Backtesting data sources: where to get clean OHLCV data
A backtest is only as honest as the data it runs on, and bad data quietly produces beautiful, fictional results. The right historical data — clean, complete, free of survivorship bias and look-ahead leaks — is the unglamorous foundation that decides whether your backtest means anything. This guide covers where to actually get OHLCV data (free exchange APIs through ccxt, paid vendors, and the gaps in each), the data traps that fabricate fake edges, the tick-versus-bar decision, and how to clean a feed before you trust a single equity curve.
Why the data source matters
Every metric a backtest produces — return, win rate, drawdown, Sharpe — is computed from the price series you feed it. Gaps, bad ticks, wrong timestamps or a missing delisted asset don’t just add noise; they systematically bias the result, almost always in the flattering direction. Clean data is not a nicety, it is the precondition for the backtest meaning anything at all.
Free data sources
For crypto, the exchanges themselves are the best free source: Binance, Bybit, Kraken and others expose historical OHLCV through public APIs, and ccxt normalises all of them. For stocks, free feeds (Yahoo Finance, Stooq, the free tiers of Alpha Vantage or Tiingo) are fine for daily bars but thin on intraday and notorious for unadjusted splits and survivorship gaps. Free is enough to start; just know its limits.
Paid data vendors
When you need clean intraday history, point-in-time fundamentals, or properly adjusted, survivorship-bias-free equity data, paid vendors (Polygon, Tiingo paid, Norgate, Kaiko for crypto) earn their fee. The value is not just more data but correct data — adjusted, gap-filled and including the assets that later delisted. For a serious equity backtest this is usually non-negotiable.
Pulling OHLCV with ccxt
python · fetch_data.pyimport ccxt, pandas as pd, time
ex = ccxt.binance()
since = ex.parse8601('2023-01-01T00:00:00Z')
rows = []
while since < ex.milliseconds():
batch = ex.fetch_ohlcv('BTC/USDT', '1h', since, limit=1000)
if not batch: break
rows += batch
since = batch[-1][0] + 1 # page forward
time.sleep(ex.rateLimit / 1000) # respect rate limits
df = pd.DataFrame(rows, columns=['t','o','h','l','c','v'])

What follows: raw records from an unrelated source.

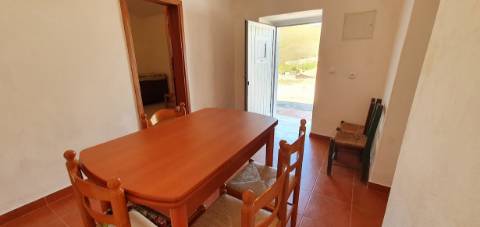 Monte alentejano, em Almodôvar, com 2,5 hectares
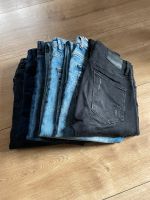 5 Stück Herren Jeans Gr. 29/32 Hose Paket Nordrhein-Westfalen - Hemer Vorschau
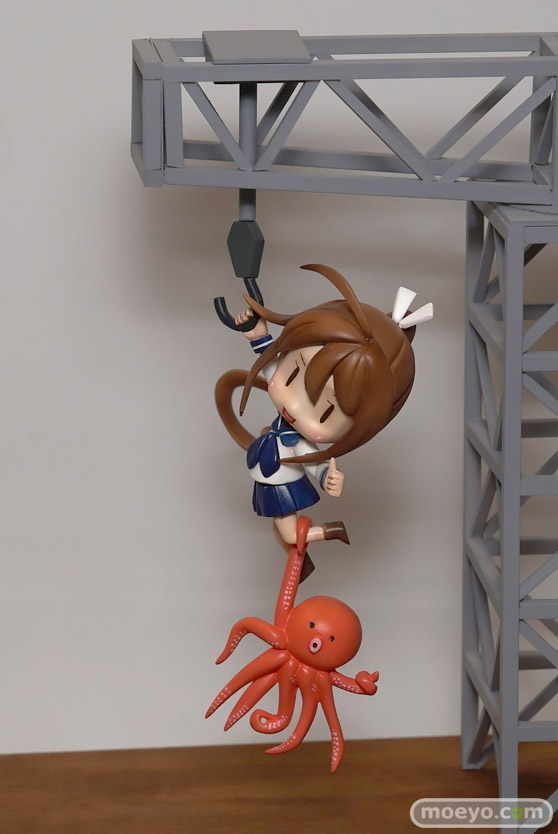 画像　サンプル　レビュー　フィギュア　【トレジャーフェスタin有明17】　S-MIST Traumuerei あらあらこまった堂 17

The key detail is pagination: fetch_ohlcv returns a capped batch, so you loop forward from the last timestamp and sleep to honour the exchange’s rate limit, exactly as in the crypto bot guide.
The data traps
The two killers. Survivorship bias: testing only on assets that still exist today silently deletes every coin or stock that went to zero, inflating returns — your universe must include the dead. Look-ahead bias: using data that wasn’t available at decision time (a split-adjusted price before the split, a bar’s close to trade at that bar’s open) fabricates an edge that vanishes live. Both produce gorgeous backtests that fail instantly in forward testing.
Cleaning the data
Before any backtest: check for and fill or flag gaps in the timestamp series, drop or repair zero-volume and obviously bad bars, confirm timezone and timestamp alignment, and for stocks use split- and dividend-adjusted prices. Validate the cleaned series visually, then run it on the backtester. Garbage in, fictional edge out — the cleaning step is where most of the honesty lives.
Frequently asked questions
Where can I get free data for backtesting?

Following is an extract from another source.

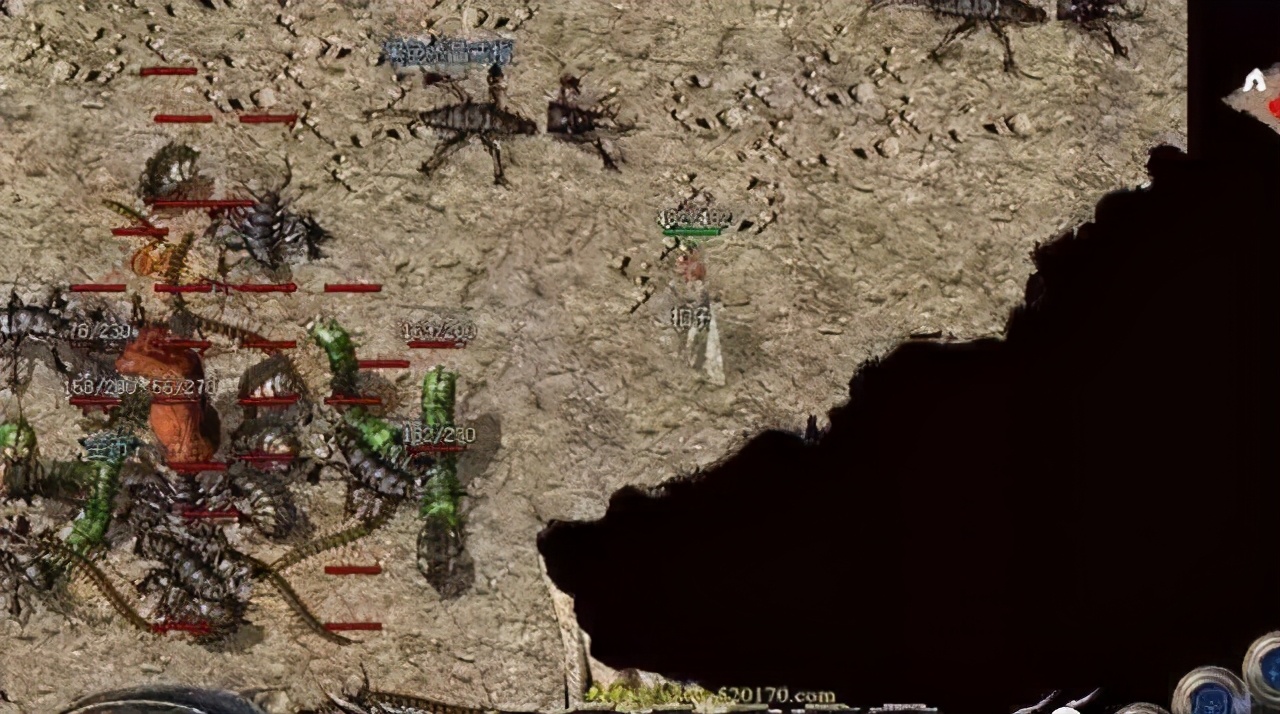 复古微变传奇视频,复古微变传奇好玩吗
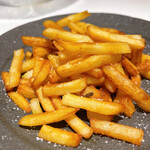 Risotto×魚介 Risoni -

For crypto, the exchanges themselves (Binance, Bybit, Kraken and others) offer free historical OHLCV through public APIs that ccxt normalises. For stocks, free feeds like Yahoo Finance, Stooq and the free tiers of Alpha Vantage or Tiingo work for daily bars but are thin on intraday data and often suffer from unadjusted splits and survivorship gaps.
What is survivorship bias in backtesting data?
Survivorship bias is the error of testing only on assets that still exist today, which silently removes every coin or stock that went to zero or delisted. Because failures are deleted from the universe, returns are inflated and the strategy looks far better than it really is. A correct backtest must include the assets that later died.
What is look-ahead bias?
Look-ahead bias is using information that was not actually available at the moment of the trading decision — for example a split-adjusted price before the split happened, or using a bar’s closing price to trade at that same bar’s open. It fabricates an edge that cannot exist in live trading and produces a beautiful backtest that fails immediately in forward testing.
Do I need paid data to backtest a trading bot?
Not to start — free exchange APIs via ccxt are enough for crypto and free daily feeds work for basic stock testing. But for clean intraday history, properly split- and dividend-adjusted prices, and survivorship-bias-free equity universes, paid vendors like Polygon, Tiingo, Norgate or Kaiko are usually worth it for any serious backtest.